Peterborough Museum and Archives will be receiving the G. Story axe head on Dec 23 when I deliver it in person. Thank you very much Steve Tall for your invaluable sleuthing about the origin of this unique piece. The museum could not offer cash for purchase (which is typical in Canada) but did offer to issue a tax receipt. Tax receipt only serves to reduce year end income taxes and I'm semi-retired and not able to benefit from such an offer but a well-heeled tool collector colleague in Vancouver generously offered to purchase it from me for $250 and 'we' garnered an antique appraiser's valuation of $325. On that basis he has "donated" to the museum. Presumably everybody wins and the axe returns to within a city block of it's 150 years ago origin.

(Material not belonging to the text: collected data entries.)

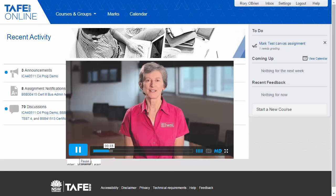Students in each TAFE NSW Online course are first greeted with a video introduction from their course facilitator. This online support video outlines expected outcomes from the course and introduces any specific case studies and requirements that the student may need to consider.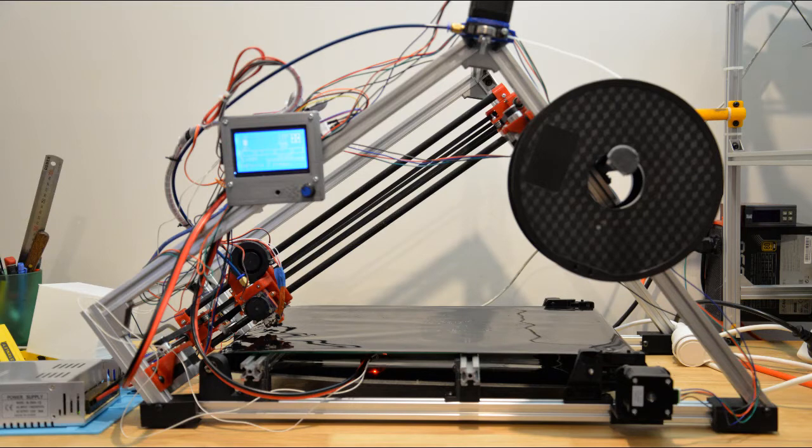Here you can see an overview of the printer. You can see I haven't done the cable management yet.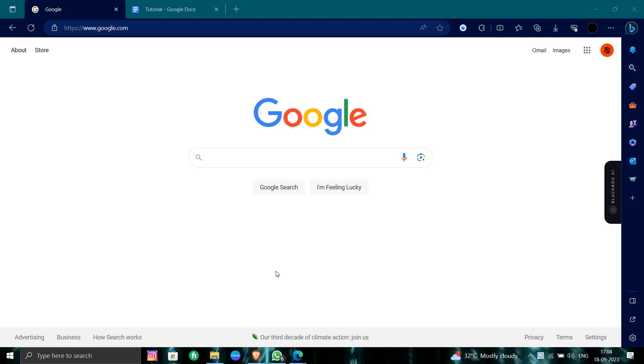First of all, we will open a browser. At the browser, I will search for Steam.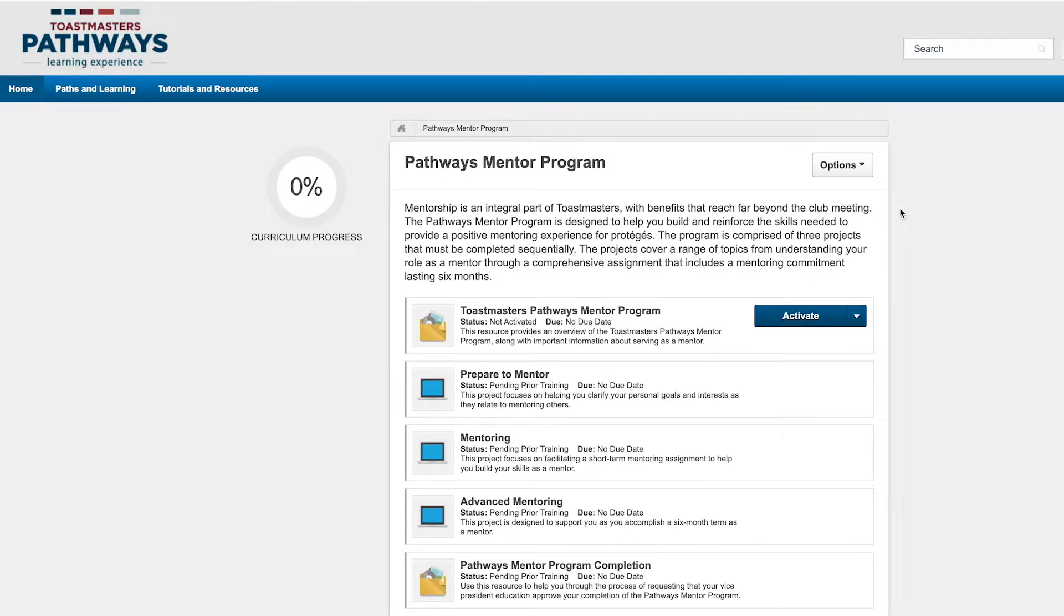Now, you're inside the Pathways Mentor Program, where you can activate and launch the first item and get started learning.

It was suggested that the 5 1/4 lb head is all steel construction (based on uniform oxidation of the surfaces) which would make it atypical manufacture during an era (1860s) when wrought iron was readily available/affordable and steel was in short supply and expensive. I have also noticed that the cheek profile looks suspiciously much like the forerunner of later technology (hot stamping in forming dies) that features 'phantom bevels'. Evolution of tools has always had quiet precedents and I wonder if small town foundry owner George Story might have been an unsung initiator/inventor of this profile. When you view current footage of Swede boutique 'flat-cheeked' axes being 'old-fashioned' hammer forged you can appreciate that scalloped blades and raised centrelines are not at all simple, nor perhaps even economically feasible, to make.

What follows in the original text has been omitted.